Jobs, Education, and the Human Drift
Worried about your white-collar gig? Schmidt flips the script: AI starts by nuking low-status, dangerous jobs (assembly lines, anyone?), then scales up. Junior programmers and mathematicians? Gone in 1-2 years. But overall? “More people with higher paying jobs.” Why? Economics 101—productivity booms, wealth expands, new roles emerge (hello, AI-assisted creators).
For education, forget rote learning. “Going into the application of intelligence to whatever you’re interested in is the best thing,” Schmidt advises Gen Z. Build purpose-driven skills: Use AI for climate materials or energy hacks. And globally? We need gamified, phone-based civics education for billions—because investing in humans yields the ultimate ROI.

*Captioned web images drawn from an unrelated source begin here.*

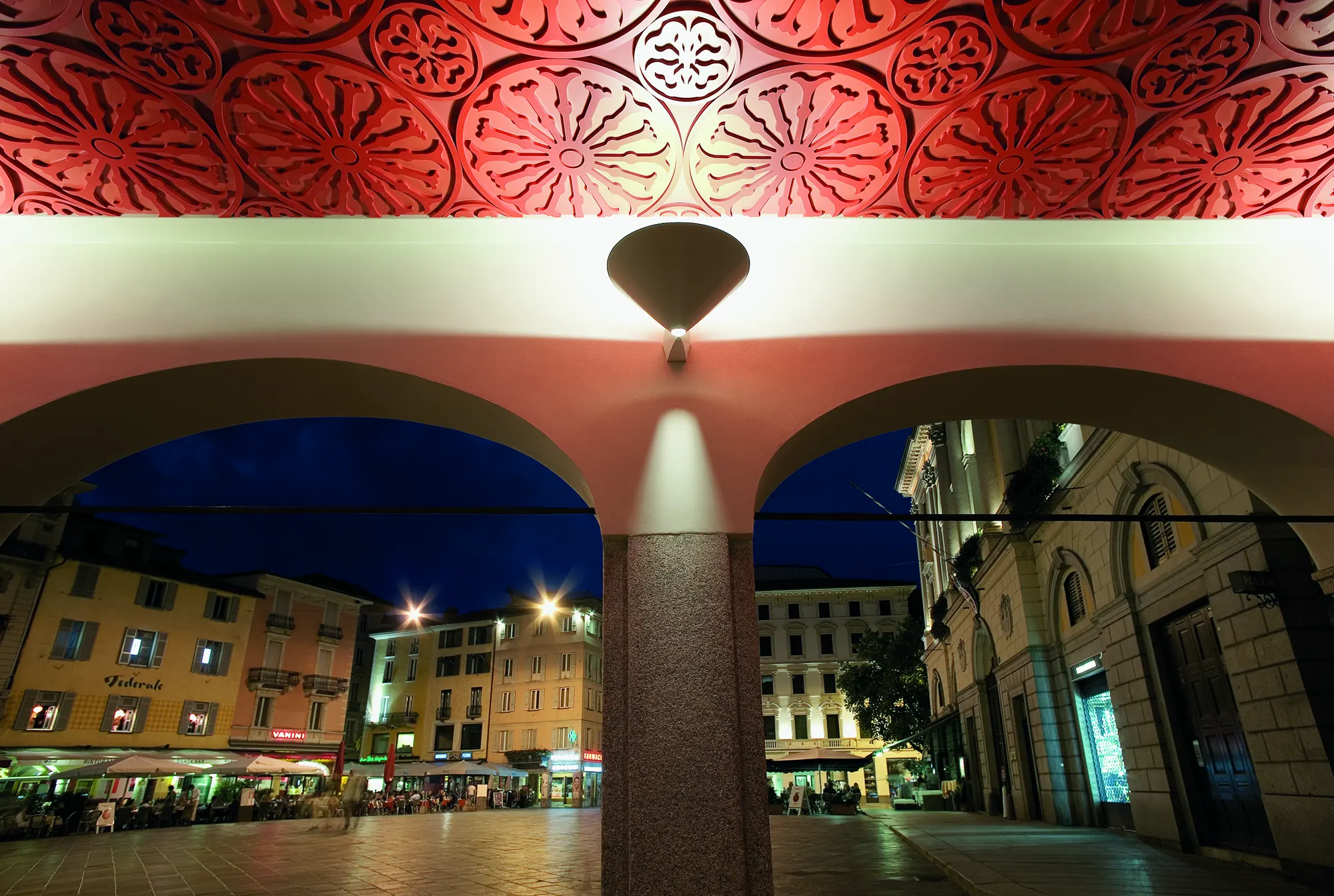 Portico con soffitto decorato rosso affacciato su una piazza di sera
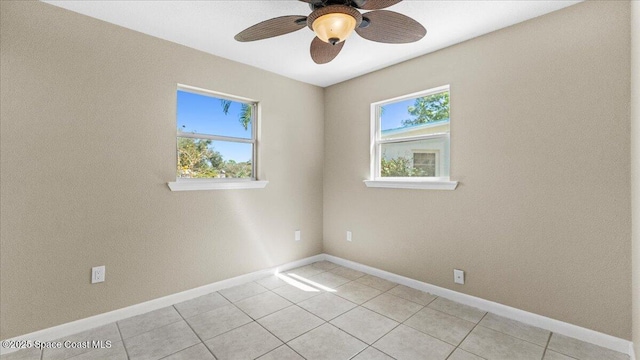 spare room with light tile patterned floors, baseboards, and a ceiling fan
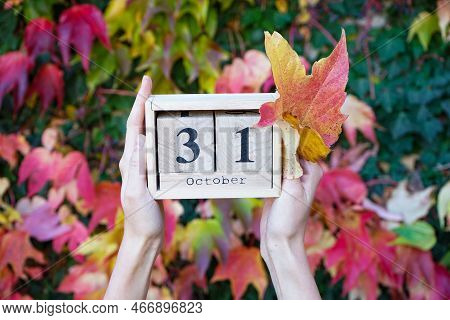 Wooden Calendar In The Hands Of A Young Woman, The Date Is October 31, Against The Background Of Aut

The subtler risk? “Drift.” Not Skynet, but a slow erosion of human agency. Why climb a mountain when your AI does it for you? “The unchallenged life is so gonna be so critical,” Schmidt notes. We’ll still need purpose—fighting misinformation, designing aesthetics in an AI world, or just managing the chaos of constant connectivity.
Hollywood, Ads, and the Creativity Boom
Fun detour: AI’s Hollywood invasion. One-person films? Possible, but blockbusters will still need human directors for editing glitches (extra limbs, anyone?). Costs drop, creativity rises—scriptwriters get AI sidekicks for better stories. Advertising? AI’s already more persuasive than humans, but unregulated? It could torch democracy with tailored misinformation.
Actionable Takeaways: Prep Like It’s 2025
Schmidt’s not just theorizing—he’s investing. For startups, the moat is “learning loops”: Network effects where your AI gets smarter from user data faster than rivals. (Think: 10 new Google-scale giants in consumer tech.) Parents: Teach kids AI as a tool for good. CEOs: Retrain now—delay, and you’re toast. Governments: Fund university data centers and track those chips.